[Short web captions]
===============

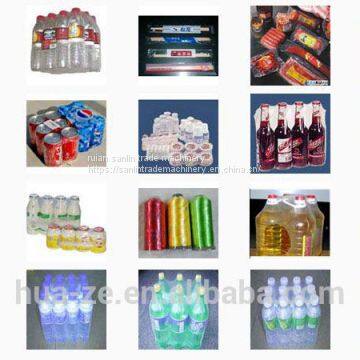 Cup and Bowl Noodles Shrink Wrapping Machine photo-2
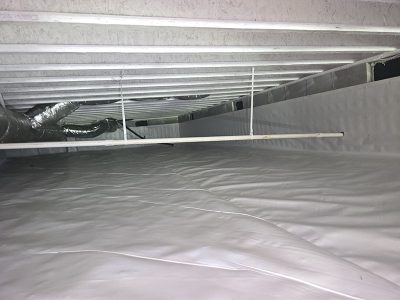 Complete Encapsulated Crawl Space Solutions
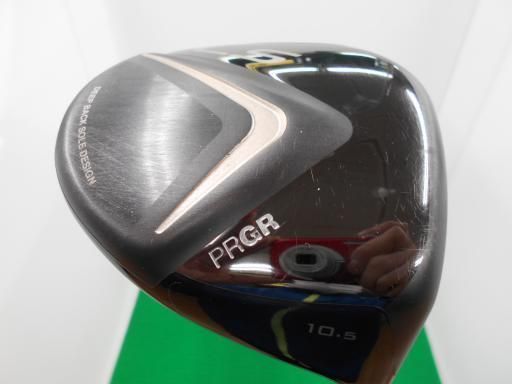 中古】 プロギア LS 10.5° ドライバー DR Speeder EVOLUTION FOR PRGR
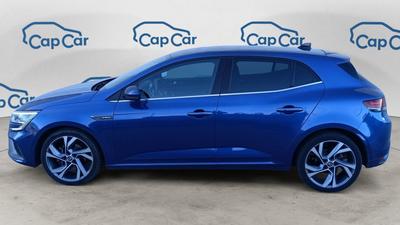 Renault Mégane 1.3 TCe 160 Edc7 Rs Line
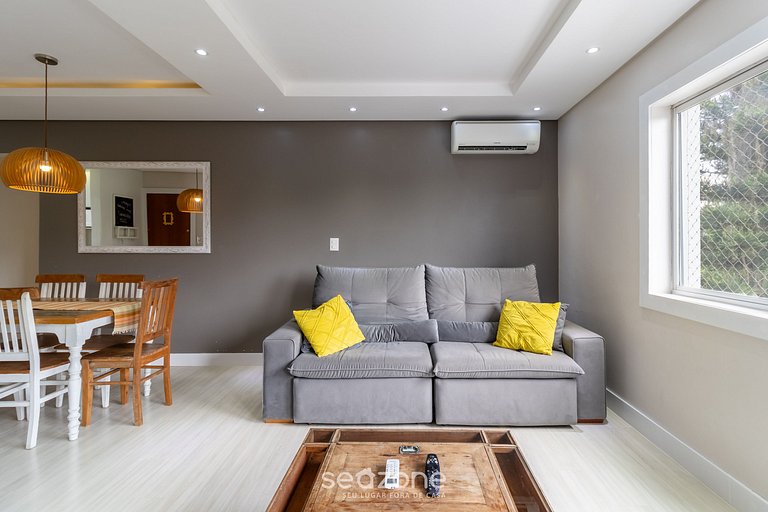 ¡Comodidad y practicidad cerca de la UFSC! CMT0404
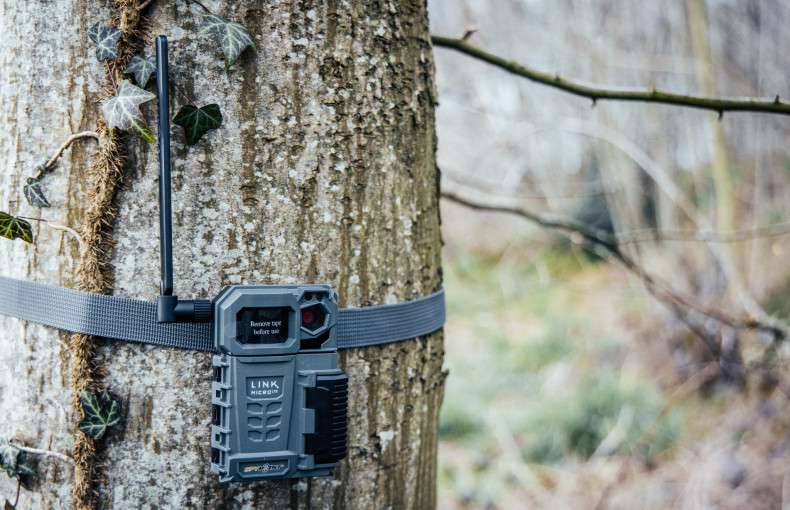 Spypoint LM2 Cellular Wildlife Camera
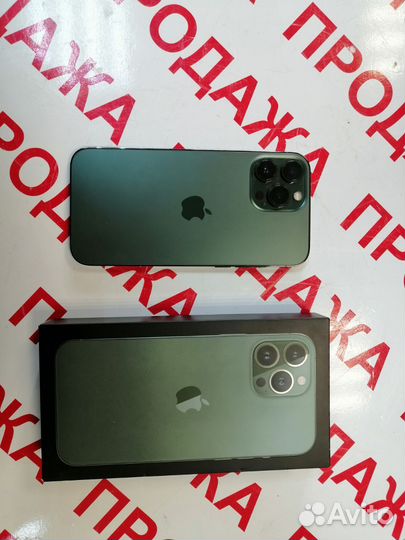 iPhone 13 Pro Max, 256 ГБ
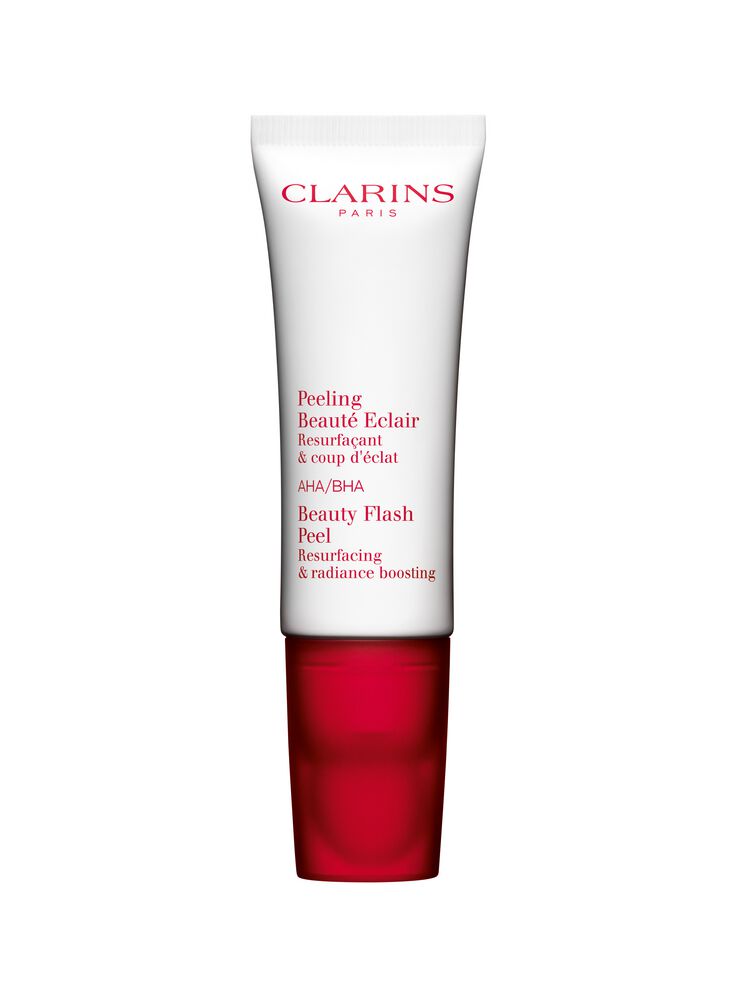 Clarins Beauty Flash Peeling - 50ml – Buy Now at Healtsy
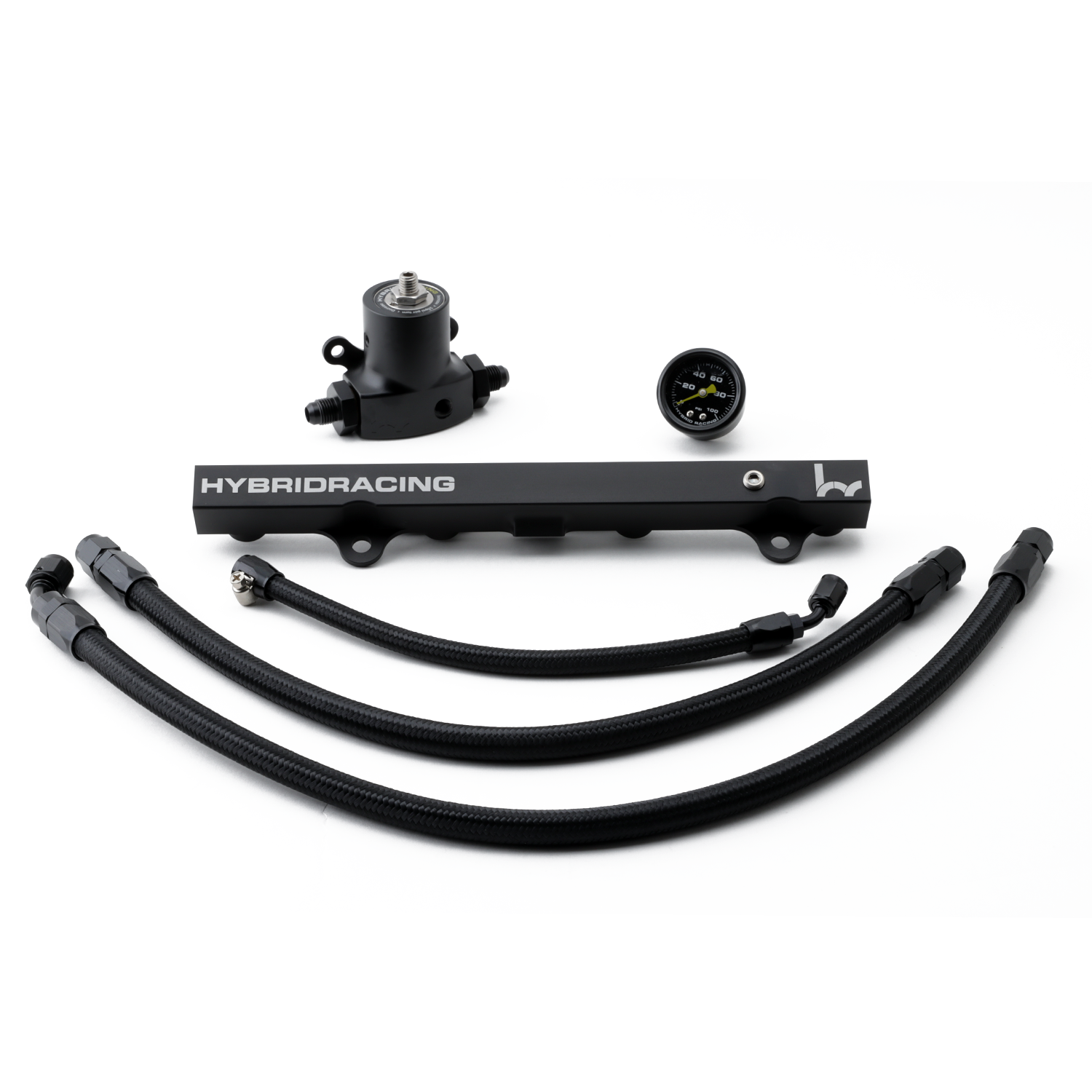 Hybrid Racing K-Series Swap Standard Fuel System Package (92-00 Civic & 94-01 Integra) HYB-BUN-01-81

===============

EXERCISE DETAILS:
What you write out is the stretch of entries from the line containing "Renault Mégane 1.3 TCe 160 Edc7 Rs Line" to the line containing "Clarins Beauty Flash", word for word, with both end lines and no pictures.

EXERCISE ANSWER:
 Renault Mégane 1.3 TCe 160 Edc7 Rs Line
 ¡Comodidad y practicidad cerca de la UFSC! CMT0404
 Spypoint LM2 Cellular Wildlife Camera
 iPhone 13 Pro Max, 256 ГБ
 Clarins Beauty Flash Peeling - 50ml – Buy Now at Healtsy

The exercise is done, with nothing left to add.